No, I said the rules were to show that we could not be perfect.
[b said:
Quote[/b] ]Oh and masterplan change your text color please. I dont care how well it matches the eyes of your cartoon it is very irritating.
Yeah, its on my to do list

I guess I'm not clear when I post, or maybe its my annoying text color hehe. Sorry guys...
 
[b said:
Quote[/b] ]no it wasn't distorted. The Bible was not changed after cannonization

Who cannonized it? When, why, on what basis?

edit: that colour is worse. Go with default, please?
 
And;

[b said:
Quote[/b] ]No, I said the rules were to show that we could not be perfect.

Any direct rule or command in the Bible is now not something to be followed, but rather God's way of telling us that we're not perfect?


Have you considered the possibility that our interpretation of God and some of the writings we attribute to him a flawed?
 
pop look at the context and dont just try to pick and choose what you want to think is right, and what is.
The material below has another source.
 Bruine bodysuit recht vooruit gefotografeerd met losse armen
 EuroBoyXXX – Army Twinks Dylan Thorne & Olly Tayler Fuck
Moses was telling the Isrealites. AFTER the 40 years of being in the desert, that they did not have to endure this anylonger. He was telling them to keep their minds and hearts on God and His laws, and then God will bless them. (It was always a If you do this/ THen I WILL do this.)

IT never once states that we can be perfect. Moses is telling the people that it is not hard. They do not have to seek the world over for it. What they need should be in their hearts and mouths (minds).
 
[b said:
Quote[/b] ] I meant the the corrupted catholic churches were in Rome.

I really don't understand what you're trying to say. You're refering to Rome the city, yes? What the church in Rome said essentially became law in Europe. As the decision making centre, perhaps Rome was a large source of courruption, but to say that these corrupt and false doctrines were universally rejected outside of Rome is to misunderstand the nature of the Catholic Church.

And I have a bunch of other questions I posted that I would appreciate being answered at your leisure.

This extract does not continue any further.